- The Washington Times - Thursday, January 5, 2006

BALTIMORE (AP) — Montgomery County Executive Douglas M. Duncan yesterday promised Maryland students that he would increase state scholarship aid by $60 million a year if elected governor.

But there is a catch: Students found using illegal drugs or committing violent acts would not be eligible for the Free State Scholarship Program.

“We need to expect and demand certain behavior from people if they want to be part of the program,” Mr. Duncan said at a press conference at Morgan State University during which he announced his three-part scholarship plan. Mr. Duncan faces Baltimore Mayor Martin O’Malley in the Democratic primary in September.

Mr. Duncan did not propose a new revenue source for his $60 million increase in the state scholarship program, now at $40 million. Economic growth would cover the cost as the plan is phased in over four years beginning with the 2007-‘08 school year.

Mr. Duncan proposed creating a merit- based scholarship plan for the top 10 percent of students in each public high school if they attend college in Maryland. Those students could get grants of $5,000 a year for two years of college, or a total of $10,000.

About 6,200 graduates each year would be eligible for the plan, based on current public school enrollment, he said.

The scholarships would help the state retain its best and brightest students, Mr. Duncan said.

He also proposed an expansion of the scholarship program that awards grants based on need, increasing the income ceiling for a family of four from $24,000 a year to $39,000 a year. Finally, Mr. Duncan said he would increase financial aid for students attending historically black state colleges by $5 million a year.

Mr. Duncan’s press conference was the third this week held by gubernatorial candidates to discuss higher education.

Gov. Robert L. Ehrlich Jr., a Republican, said Tuesday that he will increase higher education funding by $172 million in the coming fiscal year. University officials said that would enable colleges to limit tuition increases to a maximum of 4.5 percent for the 2006-‘07 school year.

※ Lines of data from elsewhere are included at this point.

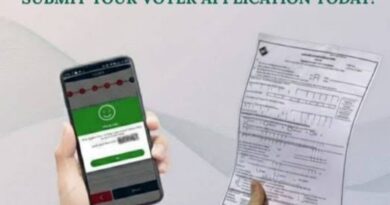 Gen Z leads surge in voter enrolment; 4.40 lakh new applications filed in Telangana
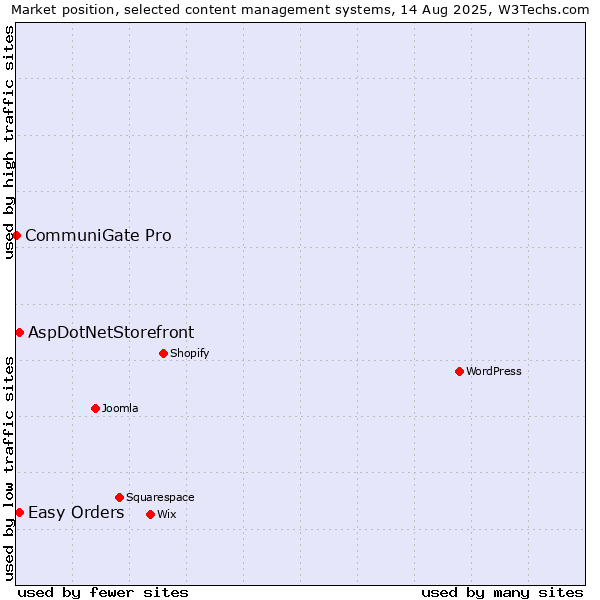 Market position of Easy Orders vs. AspDotNetStorefront vs. CommuniGate Pro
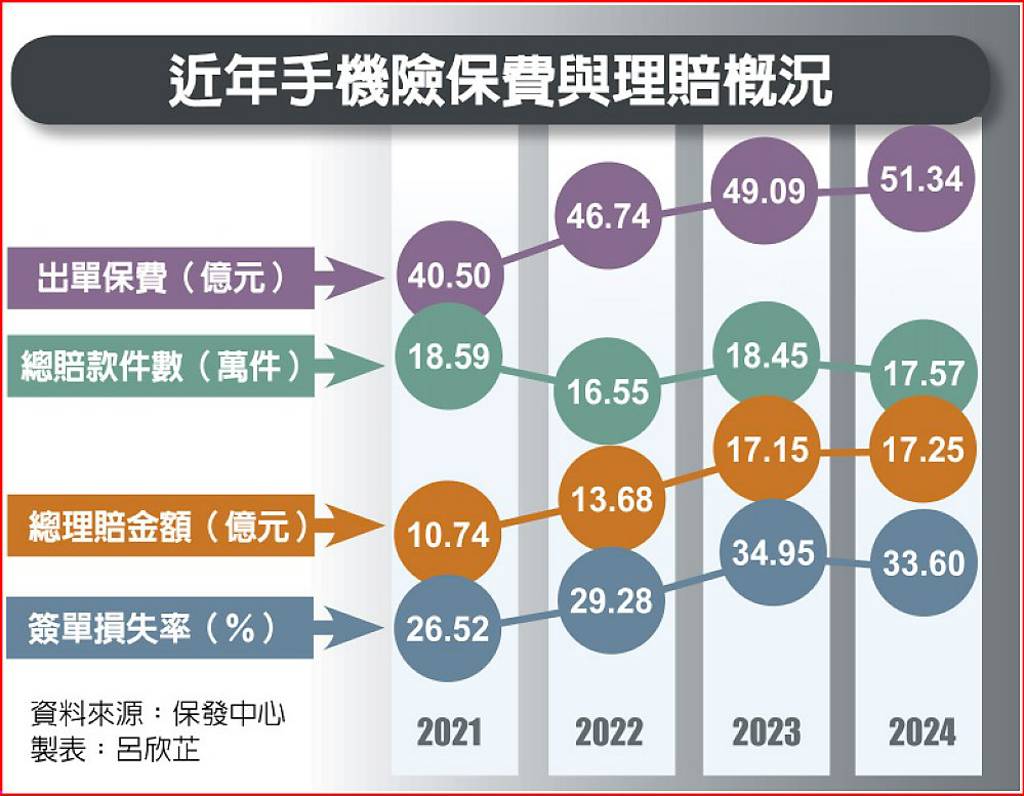 滑世代風險意識提升 愛機愈來愈貴 手機險成剛需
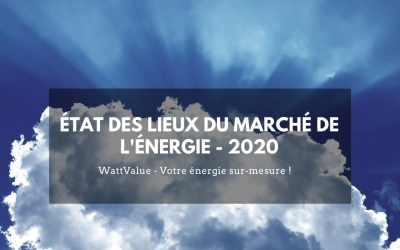 État des lieux du marché de l’énergie 6 mois après le bousculement mondial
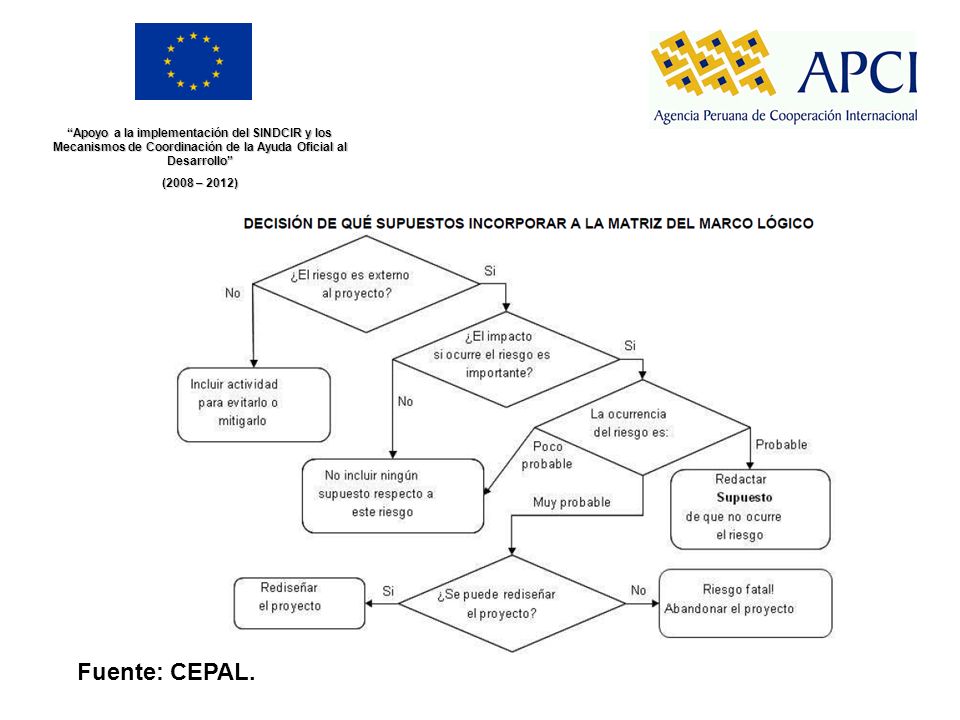 Apoyo a la implementación del SINDCIR y los Mecanismos de Coordinación de la Ayuda Oficial al Desarrollo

“Higher education in Maryland is on a roll,” Mr. Ehrlich said.

One day earlier, Mr. O’Malley challenged the governor to halt increases in tuition, which has jumped about 40 percent in recent years to make up for cuts in state aid.

“Bob Ehrlich’s policies have priced education out of the reach of middle-class families,” Mr. Duncan said, calling the announcement of a 14.5 percent increase in higher education funding a “shameless election-year conversion” by the governor.

Mr. Duncan also criticized Mr. O’Malley, although not by name, saying: “A one-year tuition freeze is not a substitute for an education plan.”

Mr. Duncan said some of the details of his plan, including the restrictions on drug use and violent crime, would be developed by the education Cabinet he proposes to establish if elected governor.